Num ponto concordam os dois, Sócrates e Nicolau de Cusa: a verdadeira atitude intelectual é a do filósofo, aquele que busca o tempo todo o saber, e não quem julga possuí-lo. A ignorância sábia, ainda que com termos diferentes, é para ambos o método, o meta+odós (gr.) = o caminho por onde se deve andar na busca do conhecimento. Em Sócrates, isso nos conduz à defesa da ideia de que ninguém ensina nada a ninguém e ao “conhece-te a ti mesmo” do templo de Apolo, com o recurso à maiêutica (o educador, o sábio, visto como mediador, ou como “parteira”, que é o que “maiêutica” em grego quer dizer). Em Nicolau de Cusa, a ignorância sábia nos leva ao território das buscas sem garantia, das incertezas e da coincidentia oppositorum (complementaridade dos opostos).

Nicolau de Cusa é um teólogo. Foi professor de teologia e bispo católico. É sobre Deus que ele fala em sua obra, o Absolutamente Outro. Este é o foco principal de seu pensamento. Diante de Deus, como propõe, o melhor que o ser humano tem a fazer é se reconhecer um belo de um ignorante, se quiser escapar ao erro da ignorância ignorante para viver a experiência gratificante e graciosa da sabedoria. Com isso, nosso personagem do final da Idade Média renuncia, também, às elucubrações filosóficas em torno das provas da existência de Deus. 
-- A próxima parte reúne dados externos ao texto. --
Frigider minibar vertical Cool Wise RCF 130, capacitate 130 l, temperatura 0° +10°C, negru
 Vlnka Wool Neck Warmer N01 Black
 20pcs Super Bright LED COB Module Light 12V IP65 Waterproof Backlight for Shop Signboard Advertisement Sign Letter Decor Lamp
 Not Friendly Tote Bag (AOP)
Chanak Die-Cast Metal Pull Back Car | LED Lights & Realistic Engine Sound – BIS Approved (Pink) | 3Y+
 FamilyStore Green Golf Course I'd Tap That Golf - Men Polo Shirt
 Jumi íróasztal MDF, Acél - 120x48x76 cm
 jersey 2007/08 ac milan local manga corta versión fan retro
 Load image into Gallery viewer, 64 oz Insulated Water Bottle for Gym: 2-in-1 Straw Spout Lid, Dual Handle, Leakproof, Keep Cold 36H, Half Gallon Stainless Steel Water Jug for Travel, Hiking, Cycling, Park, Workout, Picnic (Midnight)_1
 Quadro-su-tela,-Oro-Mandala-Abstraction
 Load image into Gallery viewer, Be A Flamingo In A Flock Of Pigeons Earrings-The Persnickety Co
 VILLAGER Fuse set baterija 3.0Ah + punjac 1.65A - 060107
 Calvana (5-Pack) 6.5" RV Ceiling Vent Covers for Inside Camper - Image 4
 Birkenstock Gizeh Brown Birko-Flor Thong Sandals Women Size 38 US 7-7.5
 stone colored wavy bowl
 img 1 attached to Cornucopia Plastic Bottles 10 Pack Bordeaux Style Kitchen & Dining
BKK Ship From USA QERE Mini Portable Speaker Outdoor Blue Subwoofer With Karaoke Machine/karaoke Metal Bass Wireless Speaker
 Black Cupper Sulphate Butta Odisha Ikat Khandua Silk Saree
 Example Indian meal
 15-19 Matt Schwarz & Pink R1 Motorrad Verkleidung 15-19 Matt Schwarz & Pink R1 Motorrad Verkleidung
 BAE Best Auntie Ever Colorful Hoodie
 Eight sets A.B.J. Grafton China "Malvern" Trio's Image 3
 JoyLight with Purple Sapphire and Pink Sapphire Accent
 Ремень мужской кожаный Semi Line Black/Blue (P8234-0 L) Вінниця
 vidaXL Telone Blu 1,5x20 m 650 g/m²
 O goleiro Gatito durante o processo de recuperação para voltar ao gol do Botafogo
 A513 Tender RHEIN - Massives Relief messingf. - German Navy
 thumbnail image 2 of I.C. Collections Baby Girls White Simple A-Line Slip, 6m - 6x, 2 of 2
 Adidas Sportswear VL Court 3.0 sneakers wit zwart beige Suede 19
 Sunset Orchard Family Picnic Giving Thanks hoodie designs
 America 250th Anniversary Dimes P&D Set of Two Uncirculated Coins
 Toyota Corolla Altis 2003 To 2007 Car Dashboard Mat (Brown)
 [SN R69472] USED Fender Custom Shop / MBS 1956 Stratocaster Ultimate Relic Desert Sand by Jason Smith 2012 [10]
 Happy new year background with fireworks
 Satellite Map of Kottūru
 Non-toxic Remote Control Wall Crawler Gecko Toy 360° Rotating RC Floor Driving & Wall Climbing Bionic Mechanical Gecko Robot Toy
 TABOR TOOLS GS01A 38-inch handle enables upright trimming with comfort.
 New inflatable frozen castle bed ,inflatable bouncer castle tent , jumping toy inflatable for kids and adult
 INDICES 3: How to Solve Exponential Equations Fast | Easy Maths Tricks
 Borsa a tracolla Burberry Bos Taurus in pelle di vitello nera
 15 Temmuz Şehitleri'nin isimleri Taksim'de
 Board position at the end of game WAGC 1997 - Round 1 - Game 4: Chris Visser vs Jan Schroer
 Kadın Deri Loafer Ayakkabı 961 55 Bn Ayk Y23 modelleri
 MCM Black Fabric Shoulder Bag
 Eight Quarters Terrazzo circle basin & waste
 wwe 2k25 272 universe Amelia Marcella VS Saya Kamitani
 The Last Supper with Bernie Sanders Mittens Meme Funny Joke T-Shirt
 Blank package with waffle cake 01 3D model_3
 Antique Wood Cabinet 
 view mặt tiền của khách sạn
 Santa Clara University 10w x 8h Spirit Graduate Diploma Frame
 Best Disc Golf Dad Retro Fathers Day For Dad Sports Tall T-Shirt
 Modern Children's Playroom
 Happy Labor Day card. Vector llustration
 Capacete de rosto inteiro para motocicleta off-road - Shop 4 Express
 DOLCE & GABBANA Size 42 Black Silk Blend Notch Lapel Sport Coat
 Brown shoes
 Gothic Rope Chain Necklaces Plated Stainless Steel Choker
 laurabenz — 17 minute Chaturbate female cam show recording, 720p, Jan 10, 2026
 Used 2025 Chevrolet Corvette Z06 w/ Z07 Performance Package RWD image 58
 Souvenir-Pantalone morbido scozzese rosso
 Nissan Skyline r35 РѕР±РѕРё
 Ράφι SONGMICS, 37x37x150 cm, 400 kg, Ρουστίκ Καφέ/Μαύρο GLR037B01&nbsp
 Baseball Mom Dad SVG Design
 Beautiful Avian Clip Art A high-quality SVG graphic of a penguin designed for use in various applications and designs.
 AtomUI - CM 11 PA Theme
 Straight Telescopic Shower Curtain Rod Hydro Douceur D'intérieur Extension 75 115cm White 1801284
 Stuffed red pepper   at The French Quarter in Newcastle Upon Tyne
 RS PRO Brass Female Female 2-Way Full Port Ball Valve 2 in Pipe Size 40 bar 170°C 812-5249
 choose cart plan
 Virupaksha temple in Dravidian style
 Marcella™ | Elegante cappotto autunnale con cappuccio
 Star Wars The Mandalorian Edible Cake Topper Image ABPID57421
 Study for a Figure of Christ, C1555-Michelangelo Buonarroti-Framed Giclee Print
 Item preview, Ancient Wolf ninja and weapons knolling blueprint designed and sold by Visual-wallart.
O saber do não saber: é esse o caminho ou método proposto por Nicolau de Cusa em “A douta ignorância”, escrita quando ele tinha a idade de 37 a 39 anos. O importante, em nossa relação com Deus, é saber que se ignora. “Com efeito, nenhum outro saber mais perfeito pode advir ao homem, mesmo ao mais estudioso, do que descobrir-se sumamente douto na sua ignorância, que lhe é própria, e será tanto mais douto quanto mais ignorante se souber”, ensina Nicolau de Cusa, citado por Santos (2010, p. 540), que observa: “A novidade de Nicolau de Cusa reside em que ele usa o pretexto da infinitude de Deus para propor um procedimento epistemológico geral, que vale para o conhecimento das coisas finitas, o conhecimento do mundo”.

As ideias de Nicolau de Cusa escorregam, como se vê, para fora do campo da fé e da teologia, neste nosso mundo em que as coisas são sempre mais misturadas do que imagina o nosso complexo de arrumar gavetas. Atingem o centro do amplo e agitado movimento de crítica ao pensamento escolástico, para propor um novo modelo ou paradigma de conhecimento. Desse modo, o teólogo alemão se posiciona bem no limiar de um Zeitgeist nascente e robusto, que irá se configurar, já no século seguinte, como afirmação do humanismo, com suas consequências para o desabrochar das artes, da ciência empírica e da própria Reforma. Seria possível acompanhar esse movimento tanto no ambiente das ciências empíricas quanto da filosofia, com os nomes de dois gigantes do pensamento filosófico-científico no horizonte, cada um deles com suas virtudes e com seus limites para a cultura do chamado Modernismo, como é próprio dos gigantes: René Descartes (1596-1650) e Isaac Newton (1643-1727).  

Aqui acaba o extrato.